教育とボランティア
 
今週は土佐女子短期大学講師の伊藤一統様に来ていただいています。今日のテーマは「教育とボランティア」です。伊藤さんのご専門は社会学です。最近、政府が阪神大震災等のあとで、教育の現場で「奉仕」の時間をつくろうなどといっています。奉仕とボランティアという言葉はちがうのではないかと思いますが?
 
奉仕活動の義務化ということが少し前に議論になりましたが、これには少し事情があり自発的なものではないものをボランティアとは呼べないという批判をかわすために「ボランティア」を「奉仕」に言い換えている節がありますね。
同じような文脈で、教員の資質向上ということで教員養成のプログラムにも「介護実習」が入れられていますが、その効果についてはさだかではありませんし、いろいろとプログラム自体に負担を強いるものともなっています。

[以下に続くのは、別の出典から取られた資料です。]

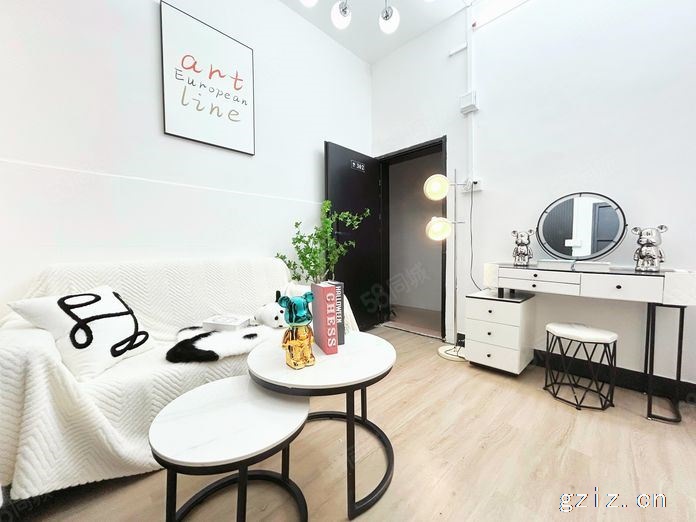 钟落潭近地铁 朝南 智能门锁 大阳台 配置齐全 拎包入住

 介護は奉仕ではできないと思います。私も昨年介護実習をしてホームヘルパーの資格を取得しました。介護は仕事としてやるべきで奉仕うんぬんというのは主旨が異なると思いますね。
そのとおりだと思います。それに介護とか奉仕とかいうものが人間形成にとって万能のものであるということは保証されていないということが置き忘れられているように思います。
大学生などはボランティアなどに積極的に取り組んでいる傾向があるのでしょうか?
 はい。受験から開放されて「やること探し」という面もあるでしょうが、喜んでもらえる「ボランティア」にはやりがいや生きがいを見出しやすい、ですから参加する者も多いということになっているのでしょう。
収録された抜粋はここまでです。